Does the keyboard have a future?
I got a new phone today. My old one died at the weekend but fortunately there was a spare one available at work that I have been given the use of. My mobile number is unchanged.
Unfortunately it is not an iPhone, but it does have some rather interesting features. One that I rather like is handwriting recognition, which even makes a reasonable attempt at interpreting cursive (joined-up) handwriting. It is accurate enough to be usable most of the time, and though it does make enough mistakes to slow you down, it seems to get more accurate the more you use it. It is certainly much easier to use it for texting than a tiny numeric keypad.
With technology like this, one wonders whether this means that the writing is on the wall for the keyboard as we know it. Speech recognition may have had a bit of a bad press, but it is improving all the time. We now have futuristic technologies such as Microsoft Surface and the iPhone either out or in the pipeline. Computer scientists at Cambridge University have even produced a device that can decode facial expressions.

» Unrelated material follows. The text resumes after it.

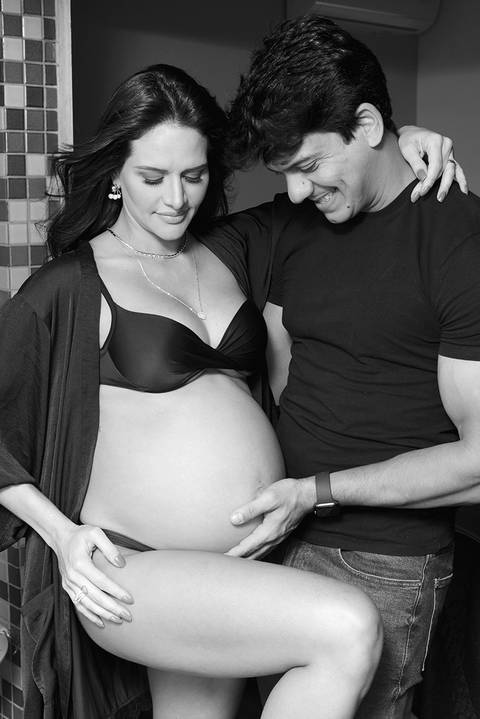 Gestante  e espsoo em foto pb'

Sure, all this may still be slow and resource intensive at present, but the technology is improving all the time, and while voice recognition may not be suitable in all settings (you wouldn’t make many friends using it in an open plan office environment), handwriting recognition is certainly rather promising, and it could well be a serious rival to the humble keyboard as our main data input device.
Having said that, I don’t think it’s curtains for the keyboard just yet. It comes into its own when you need to combine speed and accuracy. Skilled touch typists can reach speeds of eighty words per minute or more — speeds at which your handwriting would rapidly become illegible even to human readers. We developers will probably be the last ones to hang up our keyboards in the end of the day — the requirement for both speed and accuracy is paramount when you are writing code.